Now, if you didn’t get the chance to score a Remix Mini when it was available for 20 bucks on Kickstarter, the company has posted a more capacious offering on Amazon, albeit at a steeper cost. To be clear, this isn’t the version with 1GB of RAM and 8GB of flash storage we saw on Kickstarter earlier this year. Instead, this version boasts 2GB of RAM and 16GB of storage, with a going rate of $70. Still not a bad deal by any means, but it’s no twenty-dollar computer.
Nonetheless, the Remix Mini comes fully stocked with Remix OS, a custom Android kernel that makes the mobile platform run more akin to a desktop OS like Windows, or more comparably, Linux. While its appearance may remind you of an Apple TV or a Roku, it’s intended to be used more like a desktop, with a mouse and keyboard, rather than an entertainment system.

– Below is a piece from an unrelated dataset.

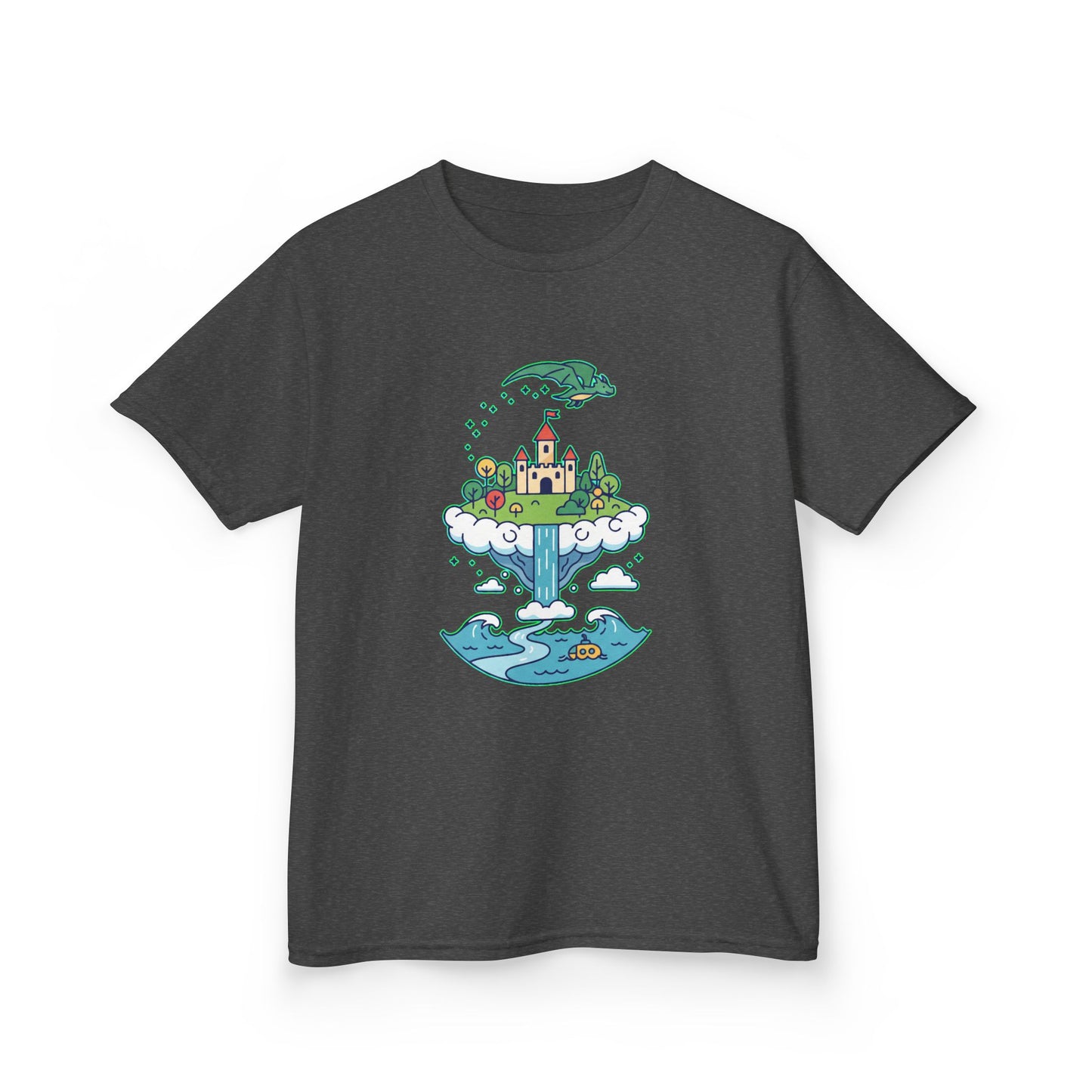 Floating Castle Dragon - Magical Fantasy Island - Kids Tee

With the Remix Mini, you can compose and revise documents, browse the Internet, play games, and do practically anything else you could do with an Android phone or tablet. The main difference is hardware connections. While most phones and tablets running Android aren’t equipped with proper HDMI or Ethernet ports, the Remix Mini is, making it a convenient and affordable choice for projecting to a monitor and establishing a wired network connection.

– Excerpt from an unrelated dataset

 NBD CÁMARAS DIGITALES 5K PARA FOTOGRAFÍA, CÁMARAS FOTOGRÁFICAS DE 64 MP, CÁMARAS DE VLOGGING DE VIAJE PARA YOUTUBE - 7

While I haven’t had the chance to test out a Remix Mini for myself, Brad Linder from Liliputing said it “really does feel like a desktop… sometimes.”
That’s because while it adds a taskbar, start menu, resizable windows, and other features you might expect from a desktop, much of the software fails to make a smooth transition from phone to PC. A lot of Android games, for instance, don’t work well with a traditional mouse and keyboard setup. And even though you can plug in any controller supported by the OS, not every game is going to have support for those inputs.
“When I tried using Firefox to write blog posts for Liliputing,” Linder writes, “there was horrible lag between the time I typed a word on the keyboard and the time it showed up on the screen.”
On the bright side, Remix Mini is much better at running video streaming services like Netflix and YouTube. Then again, so is a Fire TV Stick or a Chromecast, and at even more affordable prices. If you’re in desperate need of a cheap computer for writing up Google Docs or light web browsing and gaming, Remix Mini might satisfy that quick fix. If you’re looking for something more intensive, however, you may want to search in the complete opposite direction.
The 16GB Remix Mini is currently available exclusively on Amazon in the United States. There’s no word yet on whether the original, less expensive version is going to make its way to market.